Thirdly, the definition of ‘demonstrator vehicle’ has two limbs: ‘used exclusively for the purpose’, and ‘sale of another vehicle of the same class’. At most, the SDV might be described as fulfilling an ancillary purpose of the Applicant, but its prime purpose is clearly to provide the vehicle for alternative transport while a customer’s own vehicle is being serviced.
Fourthly, sole or primary purpose must mean the immediate purpose. Although the SDV is described as being available for sale, in fact there were two circumstances, confirmed by Mr Vaseehar, where this may not occur in practice: First, turnover of any individual SDV may need to be delayed in order to ensure a replacement in a timely manner, where there may be a 6-12 month lead time; and Secondly, the Applicant may not wish to sell a SDV which is a newly released model, within a short time frame where to do so might create a secondary market which competes with their policy to sell new model vehicles without discount.
Fifthly, although the evidence of the purpose of the dealer subsidy was somewhat unclear, as between the tendered material and oral evidence, it is consistent with providing compensation to the dealer for the diminution in value of the new car during the period for which a loan vehicle is provided.
Sixthly, the evidence of conversions to sale, as a direct consequence of the SDV program, was vague at best. In particular: .
(a) No statistical data was provided;
(b)No evidence was given as to the timing of any such sales following the service of the customer’s vehicle;
(c)No evidence was given as to whether sales to service customers, who did not have the facility of a SDV, were equally as likely to purchase a new car within a comparable period; and
(d) No evidence was given as to any relevant customer surveys.

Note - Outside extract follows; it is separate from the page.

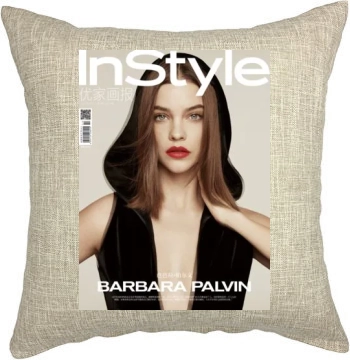 Barbara Palvin Pillow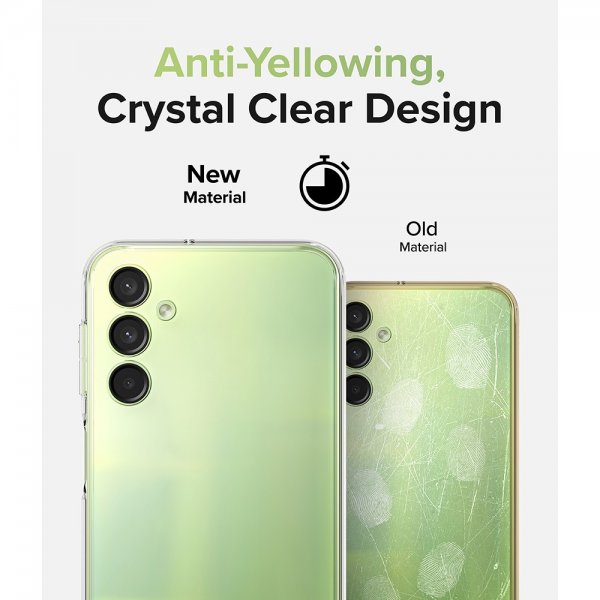 Ringke Samsung Galaxy A24 Skal Fusion Clear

Finally, the treatment of the SDVs as trading stock in the Applicant’s books is not determinative of the purpose for which such cars are used.[20]
[20]Ibid [89]–[96].
The Vice President concluded that the subject vehicles did not qualify for an exemption from duty pursuant to either limb under s 231(2)(a). She dismissed the objections that were the subject of the review and confirmed the Commissioner’s assessments.[21]
[21]Ibid [97]–[99].
Proposed grounds of appeal
There are six proposed grounds of appeal. They are:
(1)The Tribunal erred in law by stating that the evidence of conversions to sale as a direct consequence of the service demonstrator vehicles program was vague at best and that, in particular, Mercedes-Benz adduced no evidence as to the timing of any sale following the service of a customer’s vehicle.
(2)The Tribunal erred in law by failing to take into account relevant evidence.

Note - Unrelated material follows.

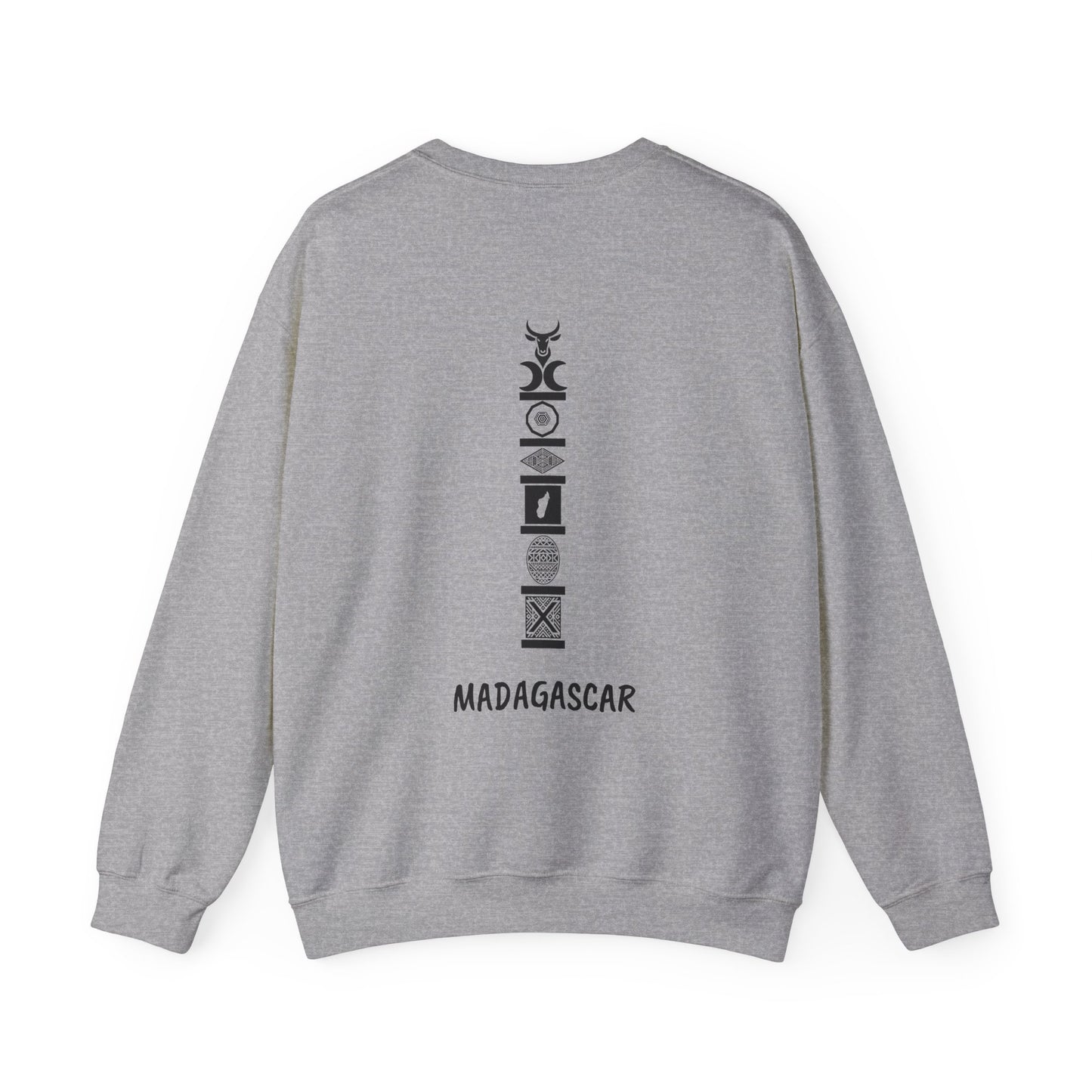 Sweat Aloalo Malgache - Un Symbole de l’Identité Malgache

(3)The Tribunal misconstrued s 231(2) of the Act by treating the sole or primary purpose of its customers as relevant to determining the purpose for which Mercedes-Benz registered each motor vehicle.
(4)The Tribunal misconstrued s 231(2) of the Act by interpreting ‘purpose’ to mean ‘immediate purpose.’

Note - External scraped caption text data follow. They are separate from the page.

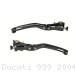 Adjustable Folding Lever Set by Bonamici Ducati / 999 / 2004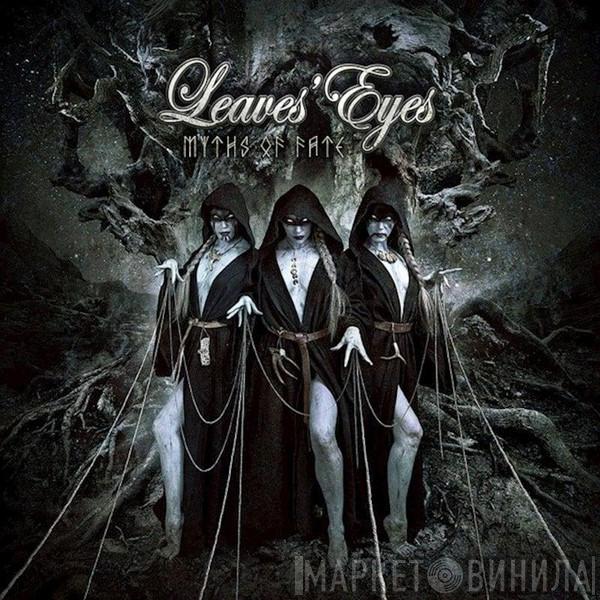 Leaves' Eyes - Myths Of Fate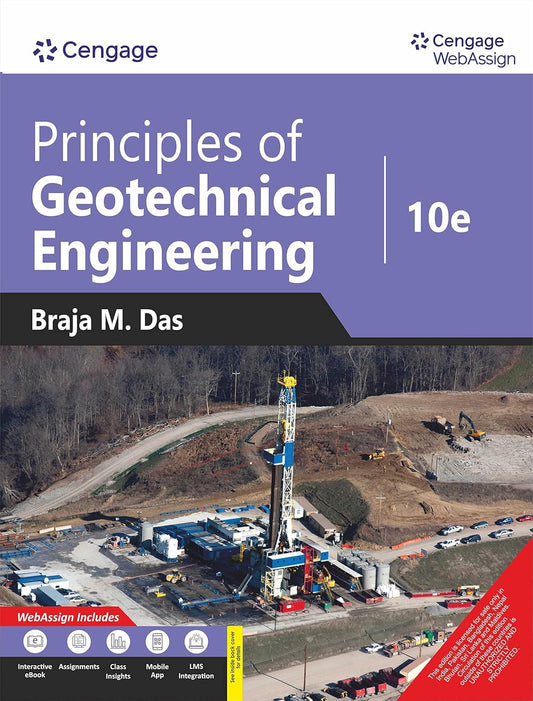Principles Of Geotechnical Engineering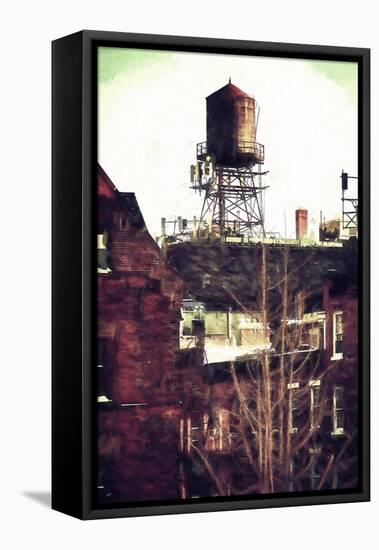 Brooklyn Tank-Philippe Hugonnard-Framed Premier Image Canvas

(5)The Tribunal erred in finding that Mercedes-Benz’ purpose of selling cars was a motive for registering the vehicles, but not a purpose within the meaning of s 231(2) of the Act.
(6)The Tribunal erred in law in finding that Mercedes-Benz’ service demonstrator vehicles generally failed to satisfy the exemption, because the Vice President addressed the wrong question. The question the Vice President should have answered was whether the two vehicles the subject of the applications satisfied the exemption.
(7)The Tribunal misconstrued the definition of ‘demonstrator’ by treating any purpose of using a vehicle other than a minor purpose, as falling outside an incidental purpose.
Did the Vice President err in describing the evidence about vehicle sales as being vague at best and stating that there was no evidence as to the timing of any sale? (Ground 1)
Mercedes-Benz submitted that there were only two vehicles in issue. In respect of both vehicles, there was evidence about when they were sold and in what circumstances. In respect of the first vehicle, Mercedes-Benz contended that it was sold as a result of its use by a service customer.[22] Mercedes-Benz submitted that the Vice President had ignored this evidence.
[22]See [7] above.
Mercedes-Benz also referred to a document said to be an extract of sales by one member of its sales team at the South Melbourne dealership resulting from referrals from the service department for the period from August 2012 to August 2013. That document listed in tabular form 36 de-identified customers and against each a car model number, commission and information about the trade-in vehicle for the customer.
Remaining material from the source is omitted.